I'm thinking that I might have to do a find/search function for either
of the two starting strings and then have the "max" value (for the
longer of the two strings) but that's a lot of extra columns in my
spreadsheet.

Is there perhaps a better way to do this?


Since you indicated that these are URL's, I will assume they have a normal
structure, so the domain name will be the part between the first // and the
next /. Then we just remove the www. if it exists.


=SUBSTITUTE(MID(A1,FIND("/",A1)+2,FIND(CHAR(1),
SUBSTITUTE(A1,"/",CHAR(1),3))-FIND("/",A1)-2),"www.","")

--ron
 
R

Ron Rosenfeld

Hi, I have a list of URLs and I would like to find a way to extract
the domain name from the URL.

The URLs can be prefixed with www in some cases and I'd also like to
strip that off.

So, for the following URLs
http://www.wiseclerk.com/group-news/tag/libor
http://www.wiseclerk.com/group-news/2008/04/
http://www.wiseclerk.com/group-news/
http://www.tiscali.co.uk/search/results.php?section=&from=&query=setana
sports
http://www.techdirt.com/articles/20080408/223932792.shtml
http://www.techdirt.com/articles/20080408/223932792.shtml
http://www.techdirt.com/
http://www.techdirt.com/
http://techdirt.com/index.php
http://techdirt.com/blog.php?tag=loans



I'd like to extract

wiseclerk.com
tiscali.co.uk
techdirt.com

I'm struggling to find the correct algorithm to locate the starting
point (after the http:// or after the http://www.) and the ending
point (the first /) for my Mid function.

Any help appreciated.

I'm thinking that I might have to do a find/search function for either
of the two starting strings and then have the "max" value (for the
longer of the two strings) but that's a lot of extra columns in my
spreadsheet.

Is there perhaps a better way to do this?

Missed something -- the case where there is no final "/".

So use this instead:

=SUBSTITUTE(MID(A1,FIND("/",A1)+2,IF((LEN(A1)-LEN(SUBSTITUTE(A1,"/","")))=2,
255,FIND(CHAR(1),SUBSTITUTE(A1,"/",CHAR(1),3))-FIND("/",A1)-2)),"www.","")

--ron
 
H

Howard Kaikow

Rick Rothstein (MVP - VB) said:
Fair enough.
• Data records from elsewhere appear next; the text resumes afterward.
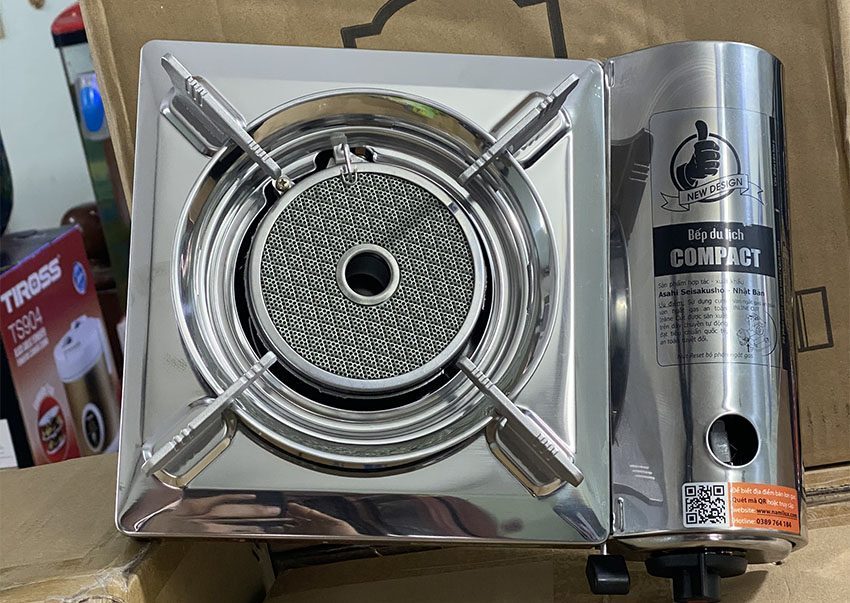 Bếp gas du lịch hồng ngoại Namilux PM1817AS - Hàng chính hãng
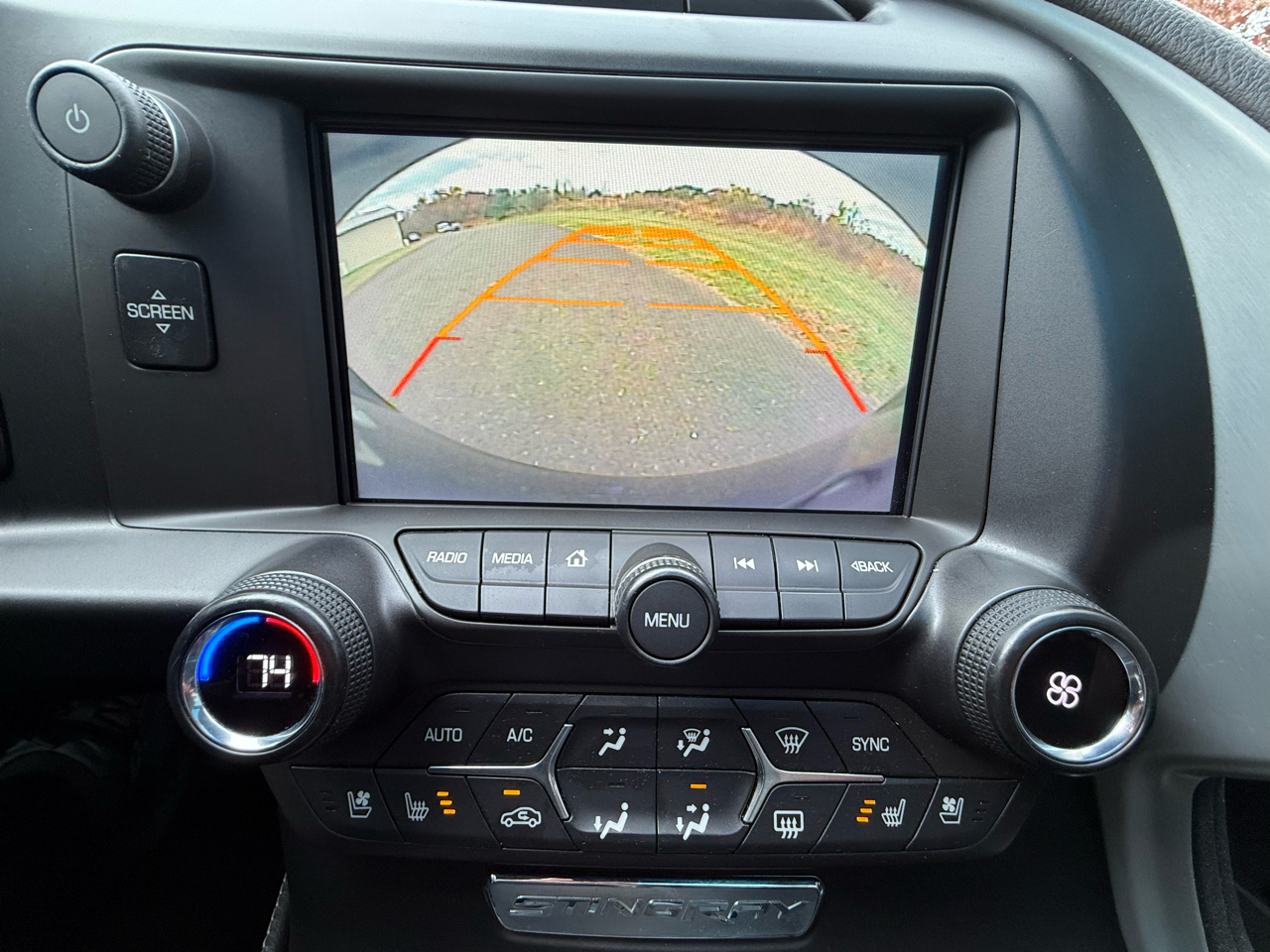 Chevrolet Corvette 2dr Stingray Cpe w/2LT 2016 Chevrolet Corvette 2dr Stingray Cpe w/2LT 2016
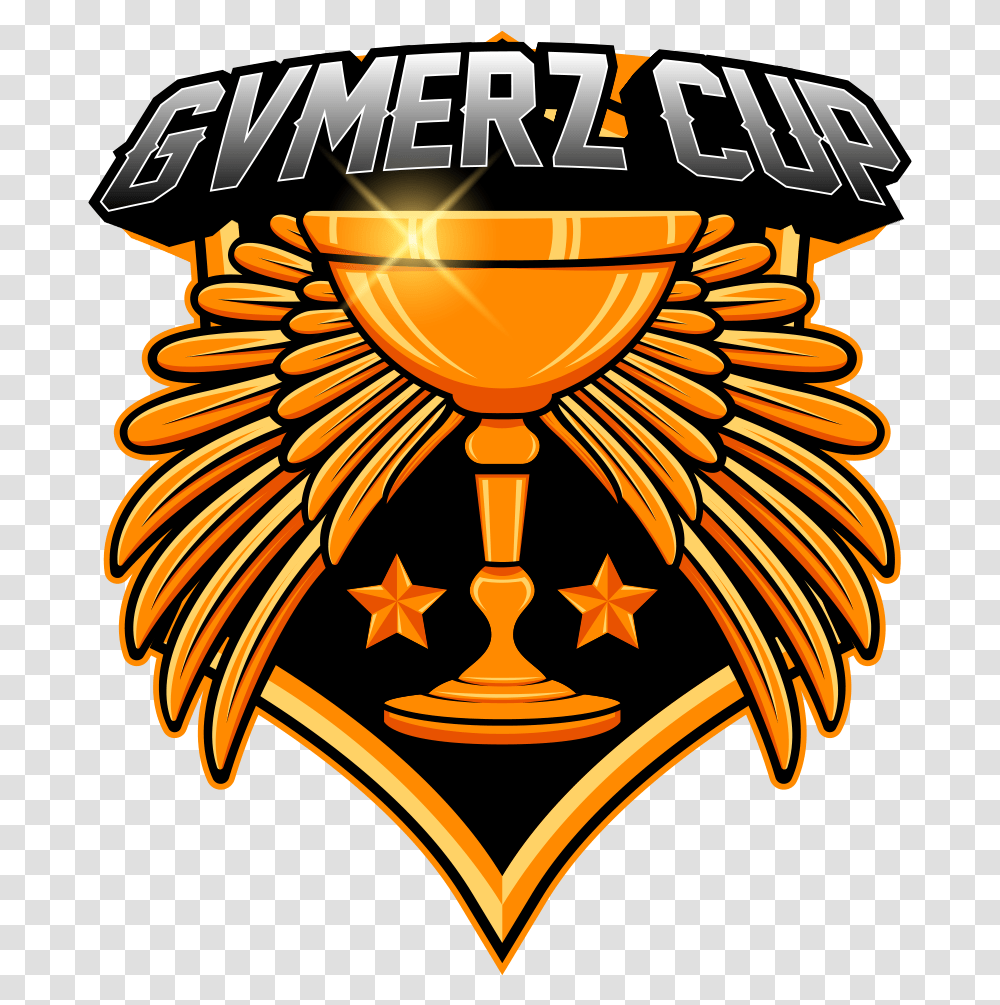 Gvmerzcup Thunder Gaming Community Events Anaheim Illustration, Glass, Lamp, Symbol, Emblem Transparent Png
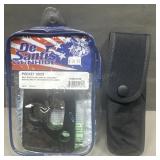 DeSantis Pocket Shot (S&W M&P 380cal) & Mag Case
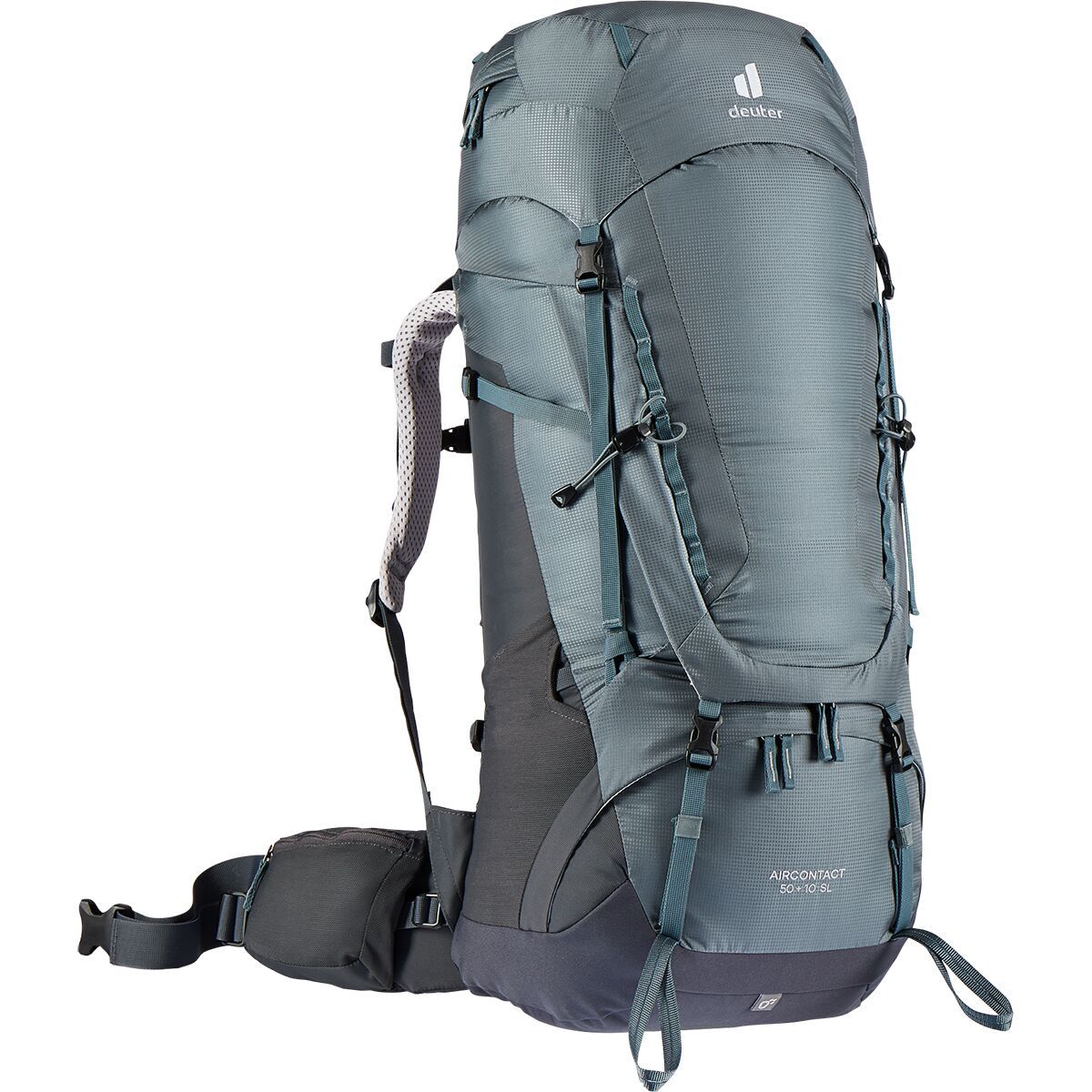 Image of Deuter Aircontact Core 50+10L Backpack Graphite/Shale, One Size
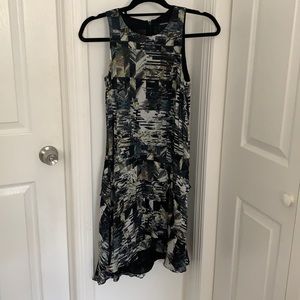 Silk club Monaco dress
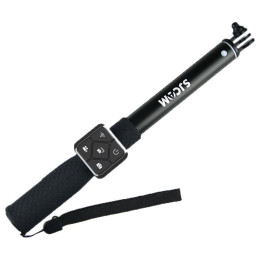 Selfie-Stick SJCAM s dálkovým ovládáním schwarz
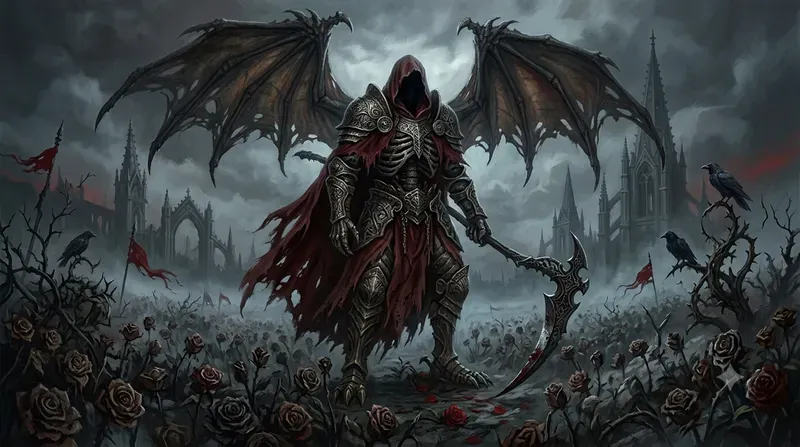 Dark Fantasy Grimdark Concept Art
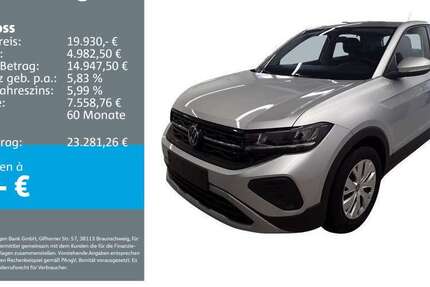 VW T-Cross 15.561 km 19.930 &euro; Metzingen 72555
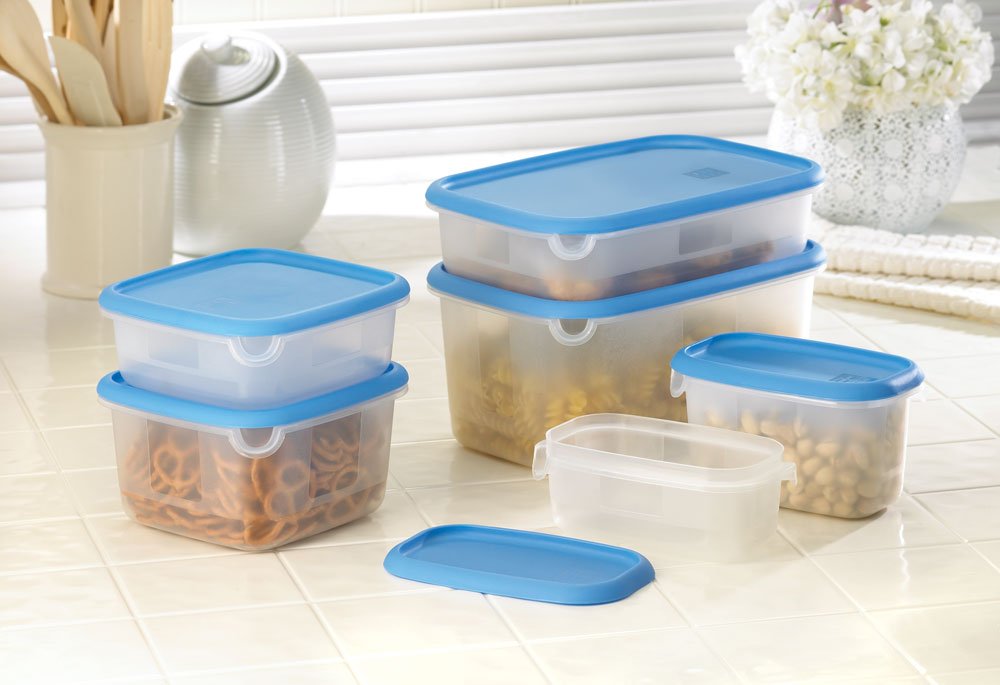 Deluxe food storage set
Here is a possible Function solution to this question which
makes use of the UrlGetPart API to get to the "company name". For those
following this thread, add a Module to the project (Insert/Module from the
VBA editor) and copy/paste the code after my signature into its code window.
Inside the GetCompanyName function, I have seeded the Protocols constant
with "www" and "ftp"... you can add any other protocols you think necessary
in this constant, just make sure each protocol is separated by a dot. You
would use this function just like any other worksheet function. So, for
example, if A1 contains the URL, then put this formula in the cell you want
to extract the company name to...

It is almost always better to use the Unicode version of APIs.
 
R

Rick Rothstein \(MVP - VB\)

Fair enough. Here is a possible Function solution to this question which
It is almost always better to use the Unicode version of APIs.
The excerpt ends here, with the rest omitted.